[Source data]
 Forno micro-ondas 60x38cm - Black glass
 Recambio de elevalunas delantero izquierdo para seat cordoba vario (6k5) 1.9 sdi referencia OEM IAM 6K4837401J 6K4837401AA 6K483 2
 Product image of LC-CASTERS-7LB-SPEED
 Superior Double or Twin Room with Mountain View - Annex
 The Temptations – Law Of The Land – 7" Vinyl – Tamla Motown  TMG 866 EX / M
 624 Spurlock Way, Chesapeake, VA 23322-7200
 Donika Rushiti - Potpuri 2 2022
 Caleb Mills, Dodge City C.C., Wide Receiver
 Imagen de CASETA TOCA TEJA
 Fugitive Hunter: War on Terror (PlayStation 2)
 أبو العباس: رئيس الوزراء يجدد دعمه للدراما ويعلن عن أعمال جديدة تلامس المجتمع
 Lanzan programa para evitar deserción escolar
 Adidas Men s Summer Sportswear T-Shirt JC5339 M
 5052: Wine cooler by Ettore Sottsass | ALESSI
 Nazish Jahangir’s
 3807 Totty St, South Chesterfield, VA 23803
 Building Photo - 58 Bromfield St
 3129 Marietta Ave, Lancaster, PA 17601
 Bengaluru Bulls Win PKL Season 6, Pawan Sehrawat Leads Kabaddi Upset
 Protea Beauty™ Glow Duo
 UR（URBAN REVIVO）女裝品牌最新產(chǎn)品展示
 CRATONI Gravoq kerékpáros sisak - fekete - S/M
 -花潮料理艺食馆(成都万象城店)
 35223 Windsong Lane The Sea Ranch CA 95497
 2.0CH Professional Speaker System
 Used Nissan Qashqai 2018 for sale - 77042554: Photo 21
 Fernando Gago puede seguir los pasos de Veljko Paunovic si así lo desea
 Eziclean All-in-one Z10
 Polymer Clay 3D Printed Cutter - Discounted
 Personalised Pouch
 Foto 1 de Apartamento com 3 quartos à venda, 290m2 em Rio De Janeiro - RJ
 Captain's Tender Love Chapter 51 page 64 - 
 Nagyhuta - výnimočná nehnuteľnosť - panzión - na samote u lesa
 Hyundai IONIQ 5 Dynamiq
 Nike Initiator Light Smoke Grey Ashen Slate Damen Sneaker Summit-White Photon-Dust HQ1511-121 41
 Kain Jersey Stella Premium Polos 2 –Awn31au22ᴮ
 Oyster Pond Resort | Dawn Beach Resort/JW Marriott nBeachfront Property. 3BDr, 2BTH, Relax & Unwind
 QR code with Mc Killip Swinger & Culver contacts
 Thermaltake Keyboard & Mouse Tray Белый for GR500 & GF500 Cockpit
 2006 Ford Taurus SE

▶ **Activity**:
From the line holding "5052: Wine cooler" through the final line of the data above, copy every line exactly as written. Include nothing else.

▶ **Result for this exercise**:
 5052: Wine cooler by Ettore Sottsass | ALESSI
 Nazish Jahangir’s
 3807 Totty St, South Chesterfield, VA 23803
 Building Photo - 58 Bromfield St
 3129 Marietta Ave, Lancaster, PA 17601
 Bengaluru Bulls Win PKL Season 6, Pawan Sehrawat Leads Kabaddi Upset
 Protea Beauty™ Glow Duo
 UR（URBAN REVIVO）女裝品牌最新產(chǎn)品展示
 CRATONI Gravoq kerékpáros sisak - fekete - S/M
 -花潮料理艺食馆(成都万象城店)
 35223 Windsong Lane The Sea Ranch CA 95497
 2.0CH Professional Speaker System
 Used Nissan Qashqai 2018 for sale - 77042554: Photo 21
 Fernando Gago puede seguir los pasos de Veljko Paunovic si así lo desea
 Eziclean All-in-one Z10
 Polymer Clay 3D Printed Cutter - Discounted
 Personalised Pouch
 Foto 1 de Apartamento com 3 quartos à venda, 290m2 em Rio De Janeiro - RJ
 Captain's Tender Love Chapter 51 page 64 - 
 Nagyhuta - výnimočná nehnuteľnosť - panzión - na samote u lesa
 Hyundai IONIQ 5 Dynamiq
 Nike Initiator Light Smoke Grey Ashen Slate Damen Sneaker Summit-White Photon-Dust HQ1511-121 41
 Kain Jersey Stella Premium Polos 2 –Awn31au22ᴮ
 Oyster Pond Resort | Dawn Beach Resort/JW Marriott nBeachfront Property. 3BDr, 2BTH, Relax & Unwind
 QR code with Mc Killip Swinger & Culver contacts
 Thermaltake Keyboard & Mouse Tray Белый for GR500 & GF500 Cockpit
 2006 Ford Taurus SE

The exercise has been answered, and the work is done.